Exercise objective>
Take the line containing "btn-warning btn-sm float-right" and every line below it through the end of the entries, and output them verbatim, pictures excluded.

Record set>
__________________________________________________

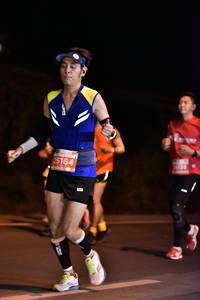 BIB: 25164
                            <button type="button" onclick="openModal(13755069)" class="btn btn-primary btn-sm float-right btn-popup" data-toggle="modal" data-target=".modal-high-quality">
                        <i class="fas fa-shopping-cart"></i> Add to Cart
                    </button>
                                            <button type="button" onclick="isThisMe(13755069, true)" class="btn btn-success btn-sm float-right btn-popup btn-isme hidden" data-toggle="tooltip" data-placement="bottom" title="นี่คือรูปของคุณใช่ไหม คลิกที่นี่เพื่อเอาเข้าอัลบั้ม">
                        <i class="fas fa-plus"></i> Add to album
                    </button>
                    <button type="button" onclick="isThisMe(13755069, false)" class="btn btn-warning btn-sm float-right btn-popup btn-isnotme hidden">
                        <i class="fas fa-ban"></i> Remove from album
                    </button>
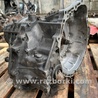 ФОТО АКПП (коробка автомат) для Toyota Camry 40 XV40 (01.2006-07.2011) Киев
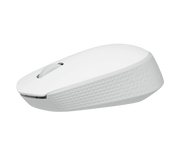 LOGITECH WIRELESS MOUSE M171 OFF WHITE MOUSE - SWIFT PERIPHERALS1090878
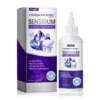 SEAGRIL® Fluoride Toothpaste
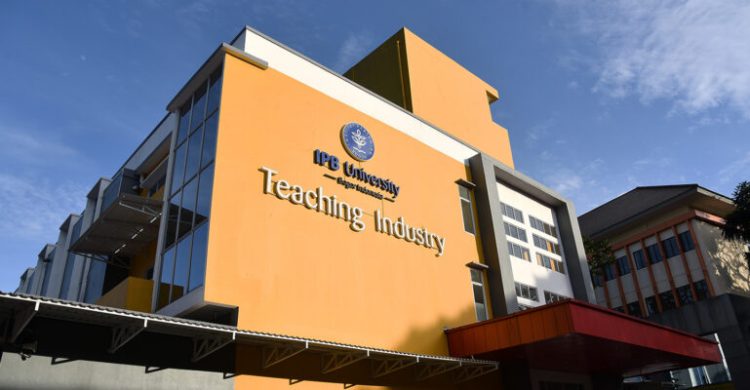 10 Kampus Indonesia dengan Lulusan Terbaik Versi QS WUR 2027, UI Teratas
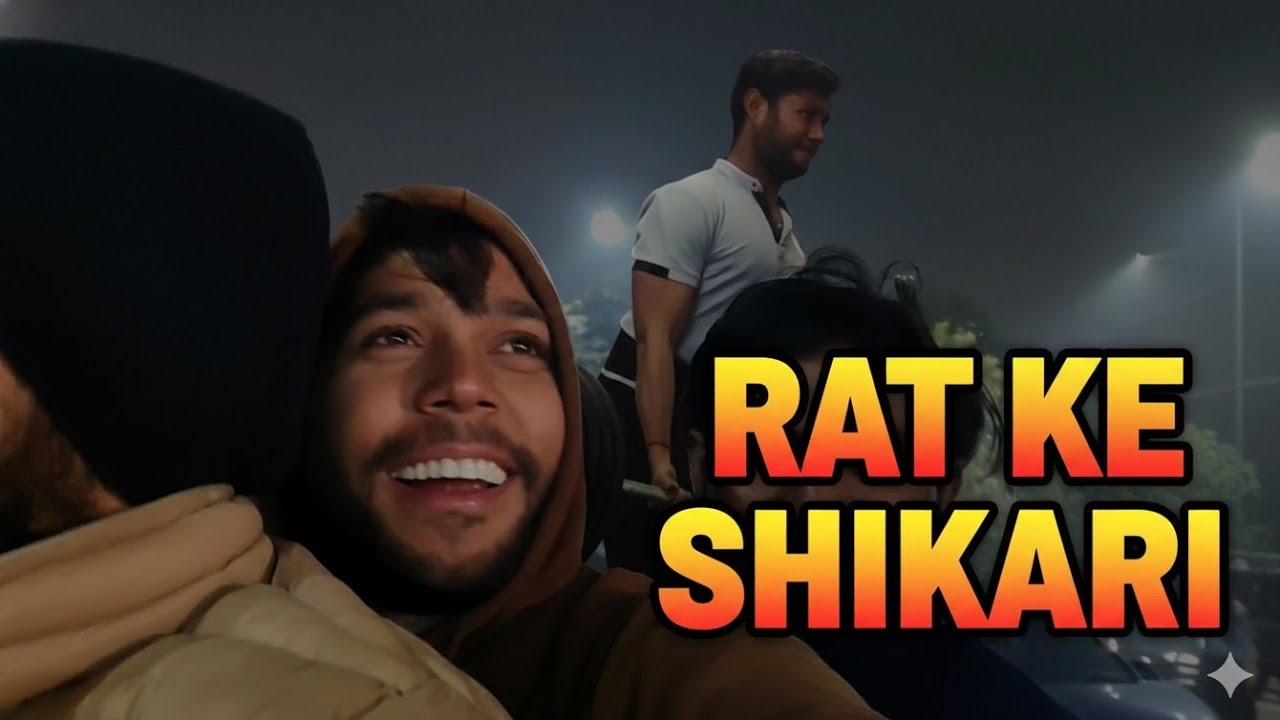 Kaliye ki bat alag hai 😂🤣.  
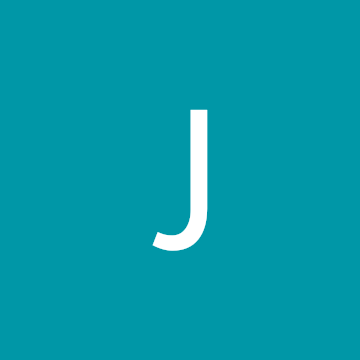 Profile photo of رديف صالح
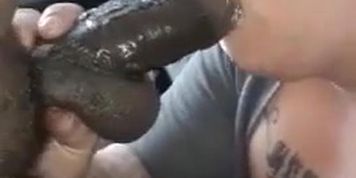Bubblez2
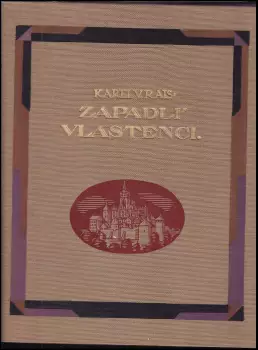 Název varianty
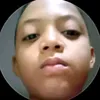 ennzoprogamerkauwai123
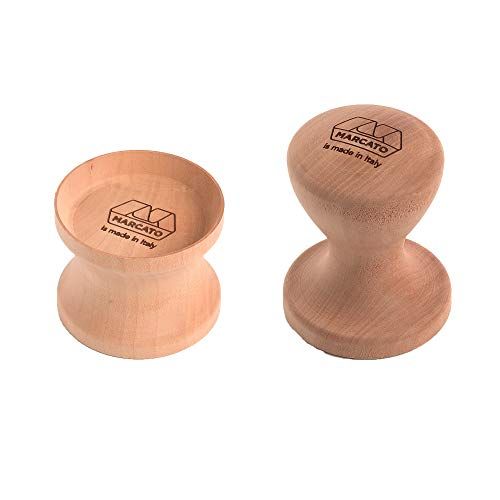 Marcato Corzetti Starterset - 8000011008097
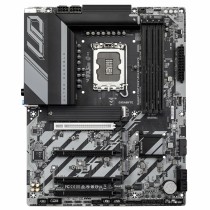 Carte Mère Gigabyte LGA 1851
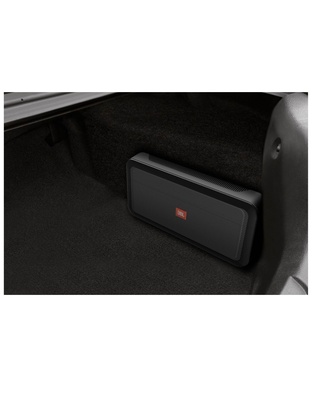 JBL CLUB 5055 (4x50+320w)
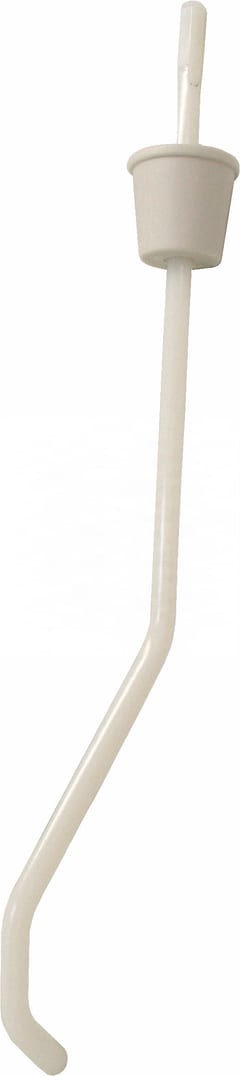 Woodshield Whip Degasser 23 litre
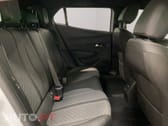 Peugeot E-2008 54 kWh Allure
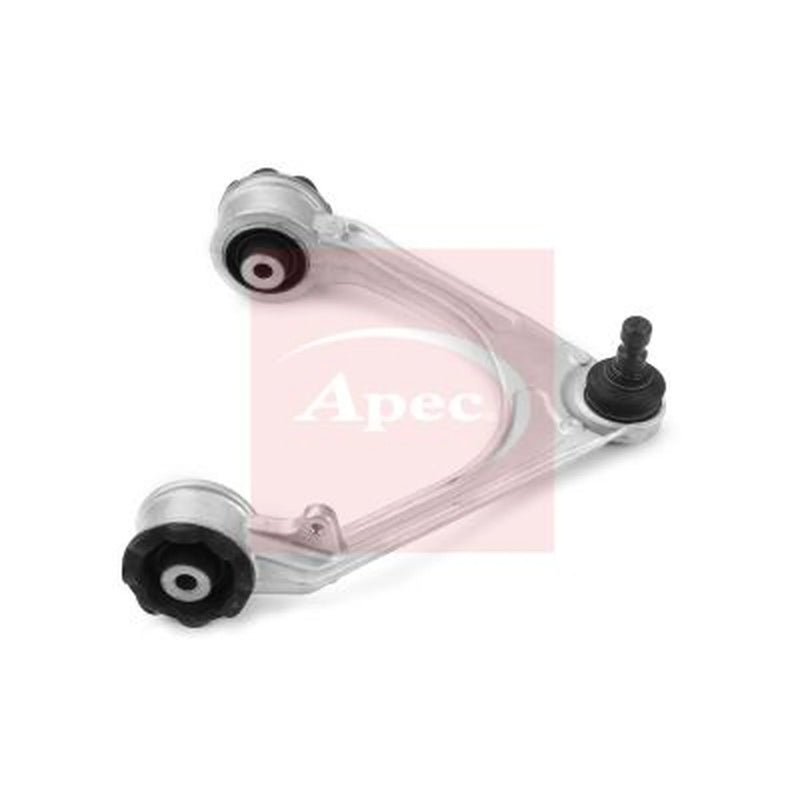 Apec Control/Trailing Arm Front Right AST2760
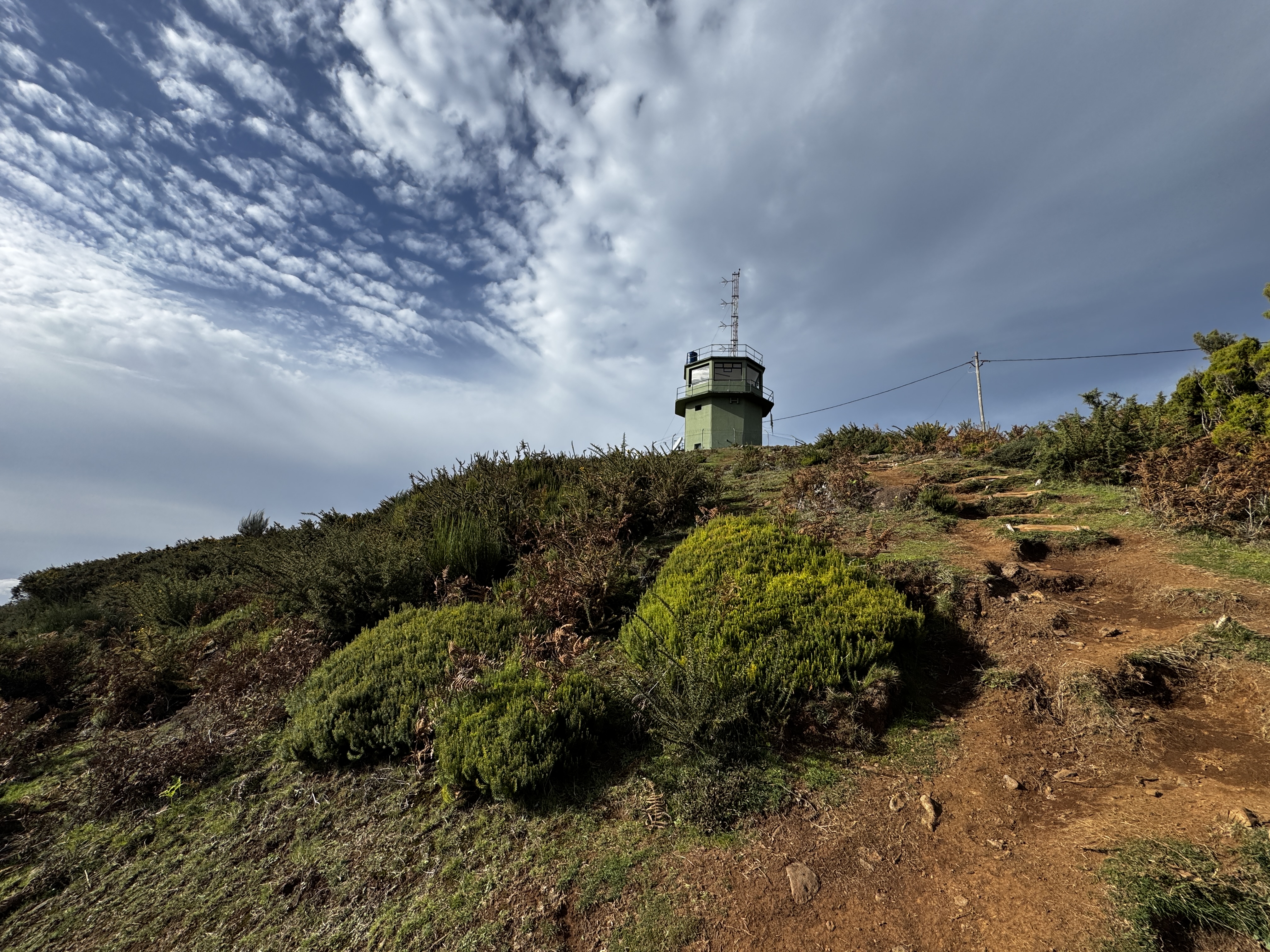 2024 11 23 15.10.15 iphone 15pm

__________________________________________________

Result of this exercise>
                    <button type="button" onclick="isThisMe(13755069, false)" class="btn btn-warning btn-sm float-right btn-popup btn-isnotme hidden">
                        <i class="fas fa-ban"></i> Remove from album
                    </button>
 ФОТО АКПП (коробка автомат) для Toyota Camry 40 XV40 (01.2006-07.2011) Киев
 LOGITECH WIRELESS MOUSE M171 OFF WHITE MOUSE - SWIFT PERIPHERALS1090878
 SEAGRIL® Fluoride Toothpaste
 10 Kampus Indonesia dengan Lulusan Terbaik Versi QS WUR 2027, UI Teratas
 Kaliye ki bat alag hai 😂🤣.  
 Profile photo of رديف صالح
Bubblez2
 Název varianty
 ennzoprogamerkauwai123
 Marcato Corzetti Starterset - 8000011008097
 Carte Mère Gigabyte LGA 1851
 JBL CLUB 5055 (4x50+320w)
 Woodshield Whip Degasser 23 litre
 Peugeot E-2008 54 kWh Allure
 Apec Control/Trailing Arm Front Right AST2760
 2024 11 23 15.10.15 iphone 15pm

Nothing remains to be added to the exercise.